## What you should do:
Could the listing be repeated exactly, with every picture dropped?

** Opening Records for this exercise block **

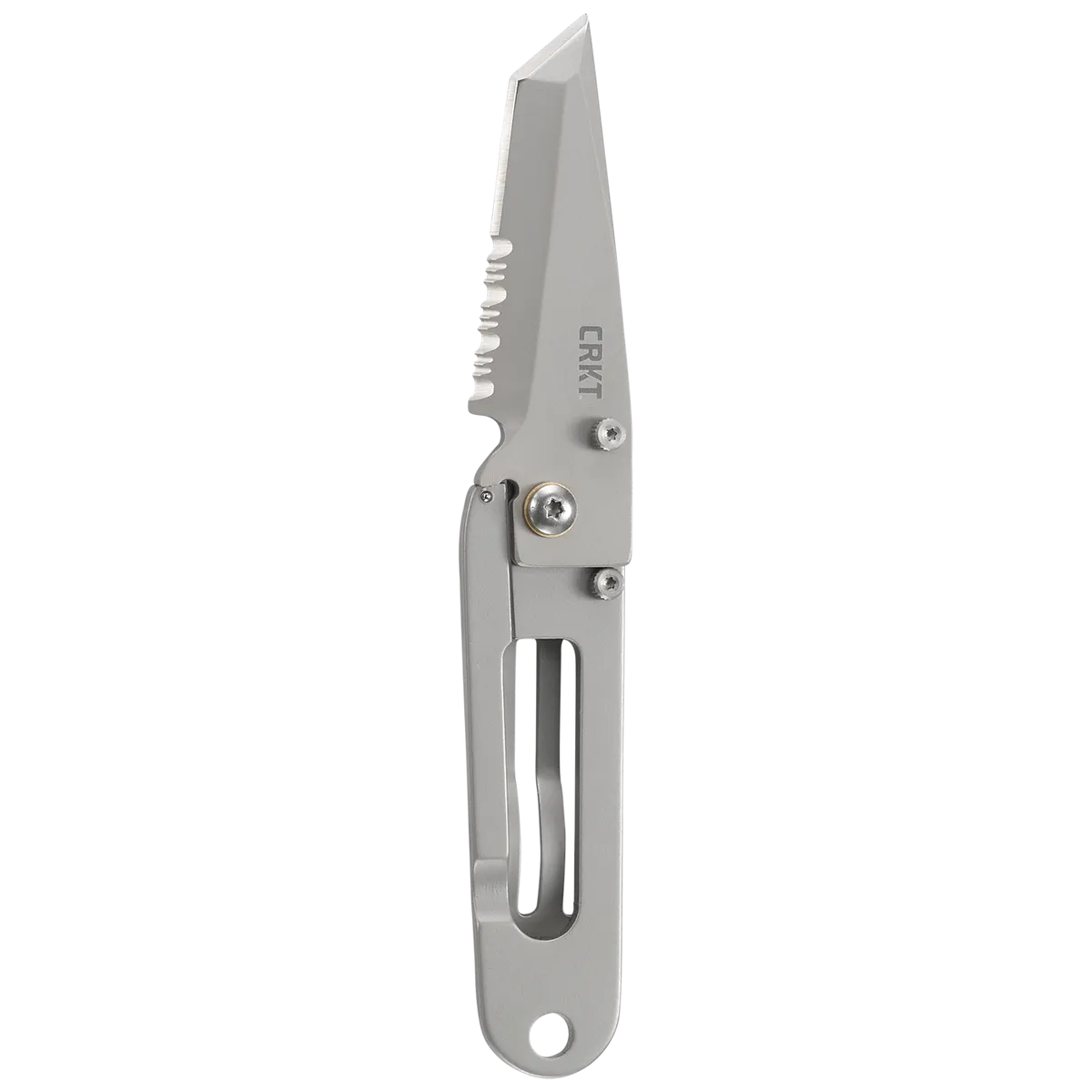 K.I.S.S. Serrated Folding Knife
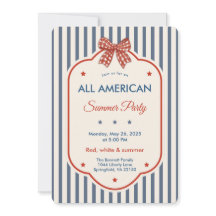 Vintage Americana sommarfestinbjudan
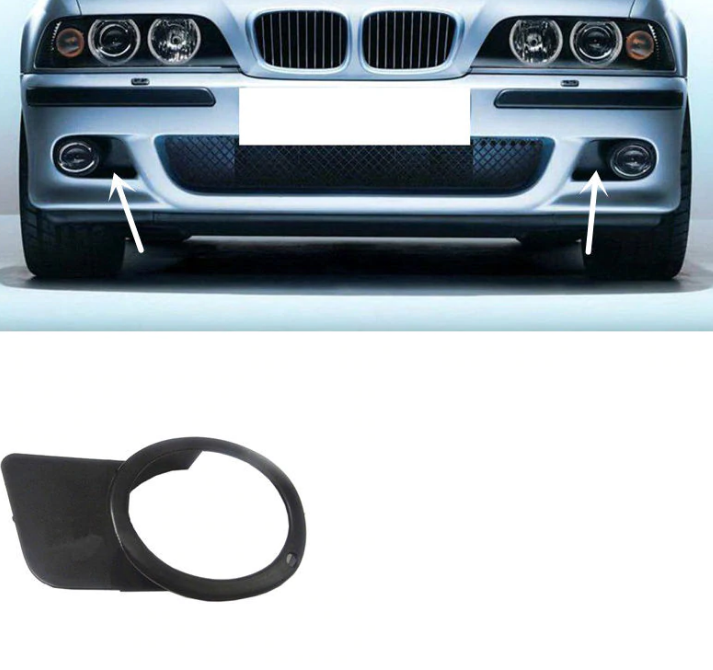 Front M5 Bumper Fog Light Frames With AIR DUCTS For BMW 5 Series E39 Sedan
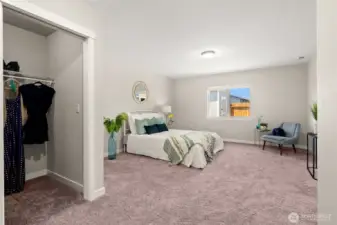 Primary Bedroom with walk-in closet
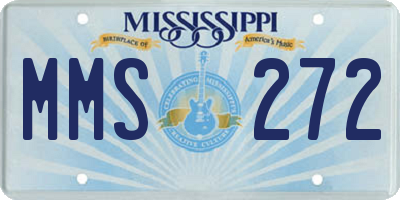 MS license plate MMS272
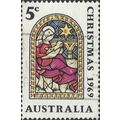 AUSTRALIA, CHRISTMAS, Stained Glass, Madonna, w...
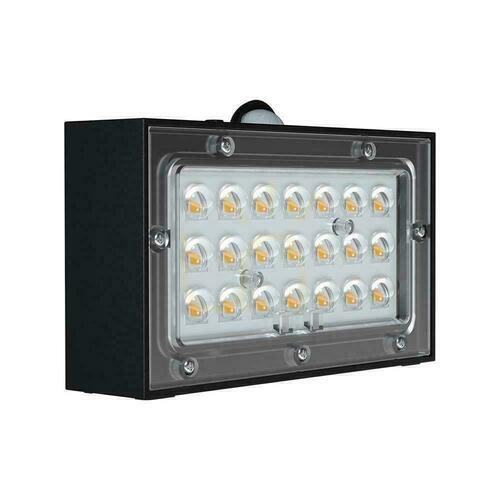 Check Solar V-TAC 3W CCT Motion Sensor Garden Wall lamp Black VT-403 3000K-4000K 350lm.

** Closing Records for this exercise block **

## Solved exercise:
 K.I.S.S. Serrated Folding Knife
 Vintage Americana sommarfestinbjudan
 Front M5 Bumper Fog Light Frames With AIR DUCTS For BMW 5 Series E39 Sedan
 Primary Bedroom with walk-in closet
 MS license plate MMS272
 AUSTRALIA, CHRISTMAS, Stained Glass, Madonna, w...
 Check Solar V-TAC 3W CCT Motion Sensor Garden Wall lamp Black VT-403 3000K-4000K 350lm.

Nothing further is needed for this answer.